What Americans Consider “Wealthy” Has Lowered Amid Pandemic, Survey Says
"People are concerned about other things ..."
What is “wealthy?” For many people, the definition of the term differs greatly. Some people strive to fill their 401ks or Roth IRAs as much as possible. Others just want to stop struggling to scrape by each month and consider having extra cash in savings to weather emergencies wealth, or at least comfort. And with those various perspectives, we all have our own idea of what being “wealthy” means. However, a new survey from Charles Schwab shows the pandemic has shifted the American’s definition of how much money someone has to be considered “wealthy,” and what someone would need to have in order to live comfortably.
The annual Modern Wealth Survey from Charles Schwab was released recently and it highlighted that the numbers associated with being wealthy have been shifting downward.

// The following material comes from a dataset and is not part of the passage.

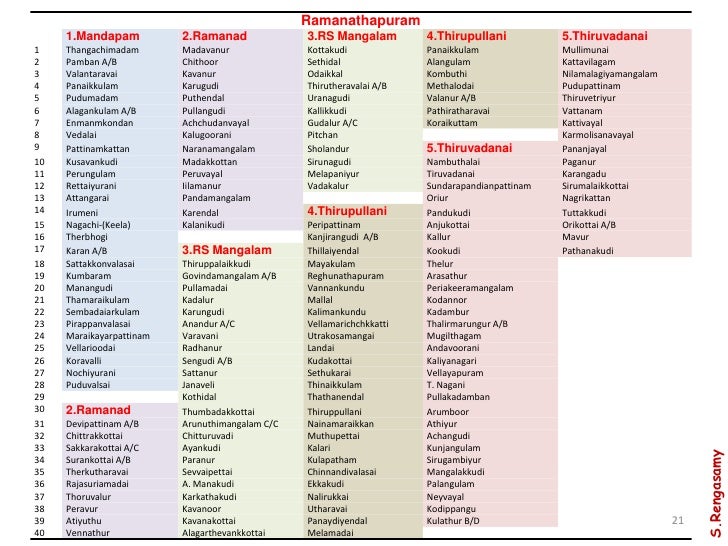 N Letter Name List N Letter Name List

The report surveyed 1,000 people in the U.S who ranged in ages from 21 to 75 years old. The survey was done in February 2022, and it asked participants a variety of questions related to their personal finances. One of the more interesting takeaways from the survey is that the average net worth needed for someone to be considered wealthy is up from last year, but our definitions of wealth have changed amid the pandemic.
In 2020 (pre-pandemic), Americans reported that $2.6 million was needed in order to be considered wealthy, and $934,000 to be “financially comfortable.” Both numbers took a pretty big nosedive during the peak of the pandemic in 2021. The number needed to be considered wealthy dropped to $1.9 million and the “financially stable” metric dropped to $624,000.

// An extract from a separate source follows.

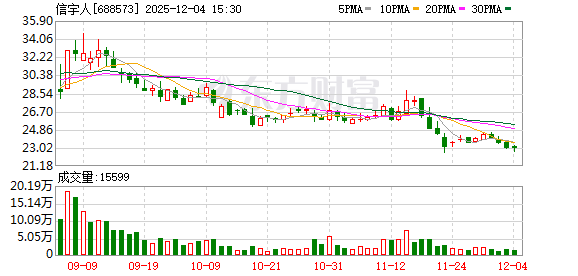 信宇人：公司目前在手订单较多  第1张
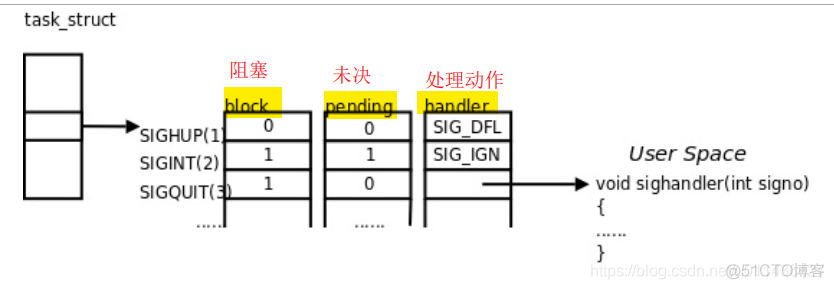 （第33章）Linux系统编程之信号_僵尸进程_11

This year, those numbers rose — Americans now believe that a net worth of $2.2 million is enough to be considered wealthy and $774,000 enough to be “financially comfortable — but are still lower than how Americans considered wealth prior to the COVID-19 pandemic. And according to Rob Williams, managing director of financial planning, retirement income, and wealth management at Charles Schwab, that’s because people aren’t focusing on the same financial goals from previous years. “People are concerned about other things besides the balance in their portfolio and in their investment account,” Williams said.

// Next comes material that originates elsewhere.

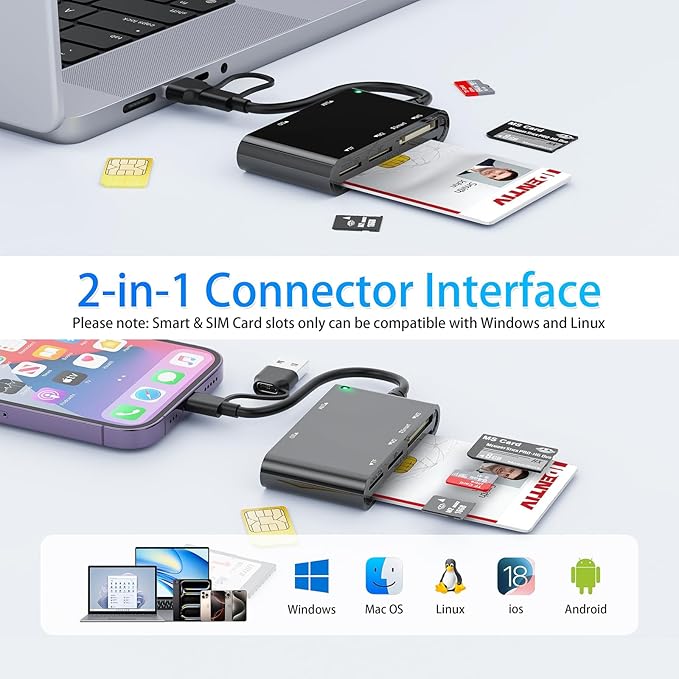 SIM Card Adapter, CAC Smart Card Reader Military, 6-in-1 USB C/USB A Multi-Card Adapter for SIM, CAC, ID, SD/TF, M2, Memory Stick – Compatible with Windows, Mac, Linux (USB A + USB C)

All of this is interesting given that the median net worth of Americans in 2019 was just $121,760, that the median net worth of Americans under 35 was $14,000, and for Americans between 35 and 44, $91,110. It shows just how far away Americans are from perceiving themselves as financially comfortable or wealthy, as well.
And why wouldn’t it? These past few years have been stressful for people in terms of finances and wealth—and some of those stresses point back to inflation and supply chain issues driving prices up. Poverty has risen, the cost of groceries has skyrocketed, store shelves are bare where things like baby formula should be, and the number of affordable houses on the market at any given time is at a significant low.